# Finding Overlap of polygons in 3D space

I'm trying to find the amount of "overlap" between two (or more) polygons in a 3D space.

The planes all have vector normals pointing in the same direction, so they are guaranteed to be parallel to each other.

The concrete example I can think of is as following:

if arranging playing cards perpendicular to a light source such as the sun, where some may overlap, "What is the total area of the shadow they cast?"

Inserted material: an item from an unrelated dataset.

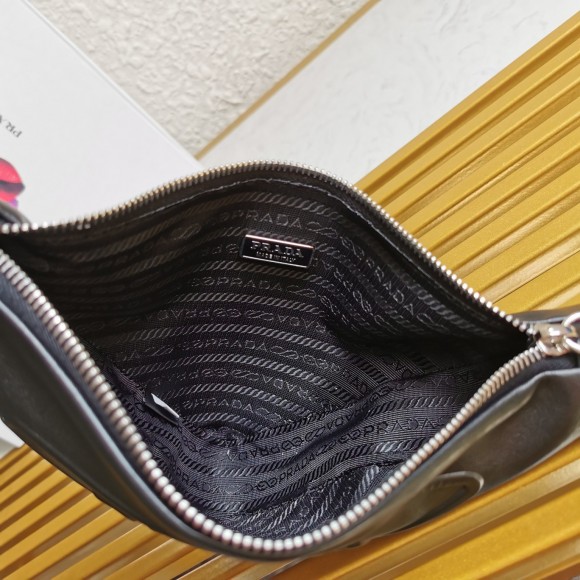 Prada Triangle Pouch Bag In Black Calfskin Prada Triangle Pouch Bag In Black Calfskin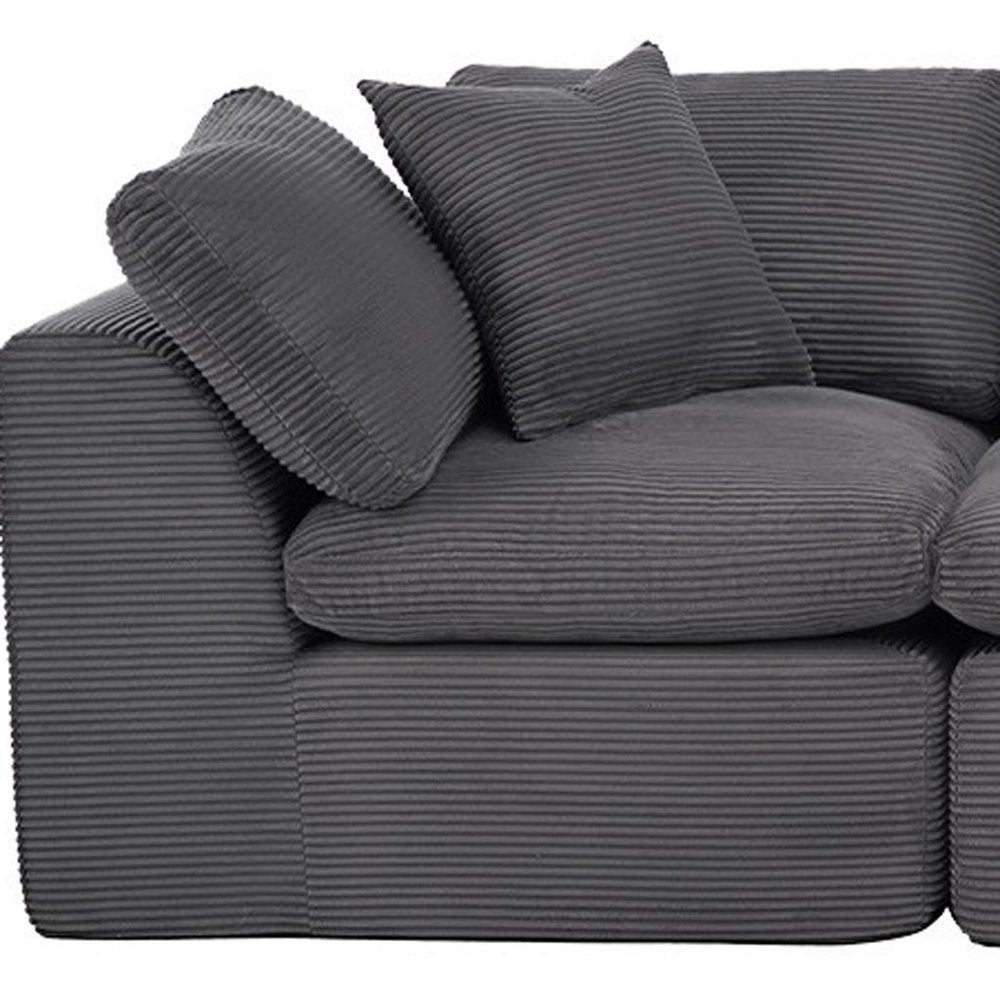 138" Beige Chenille Modular Sofa With Toss Pillows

Visual example is given below with two "overlapping" polygons:

overlapping polygons

For instance, if the z-axis is shown vertically, the planes might be stacked something like this:

____________________
|
|
|
_________
|
|
_____________


Or viewing the X-Y plane, where - represents areas of overlap which should be counted only once in a final area measurement:

AAAAAAAAAAAAAAAAAAAAAAAAAAAAAA
AAAAAAAAAAAAAAAAAAAAAAAAAAAAAA
AAAAAAAAAAAAAAAAAAAAAAAAAAAAAA
AAAAAAAAAAAAAAAAAAAAAAAAAAAAAA
AAAAAAAAAAAAAAAAAAAAAAAAAAAAAA
AAAAAAAAAAAAAAAAAAAAAAAAAAAAAA
AAAAAAAAAAAAAAAAAAAAAAAAAAAAAA
AAAAAAAAAAAAAAAAAAAAAAAAAAAAAA
AAAAAAAAAAAAAAAA--------------BBB
AAAAAAAAAAAAAAAA--------------BBB
AAAAAAAAAAAAAAAA--------------BBB
AAAAAAAAAAAAAAAA--------------BBB
BBBBBBBBBBBBBBBBB
BBBBBBBBBBBBBBBBB
BBBBBBBBBBBBBBBBB
BBBBBB-----------CCCCCCCC
BBBBBB-----------CCCCCCCC
BBBBBB-----------CCCCCCCC
CCCCCCCCCCCCCCCCCCC
CCCCCCCCCCCCCCCCCCC
CCCCCCCCCCCCCCCCCCC
CCCCCCCCCCCCCCCCCCC


Is there an algorithm that can determine the total area "shadow cast" of these polygons? They may not be rectangles, so the data I have to work with will be simply the points of each polygon (and which polygon it belongs to), represented as (x,y,z) digits.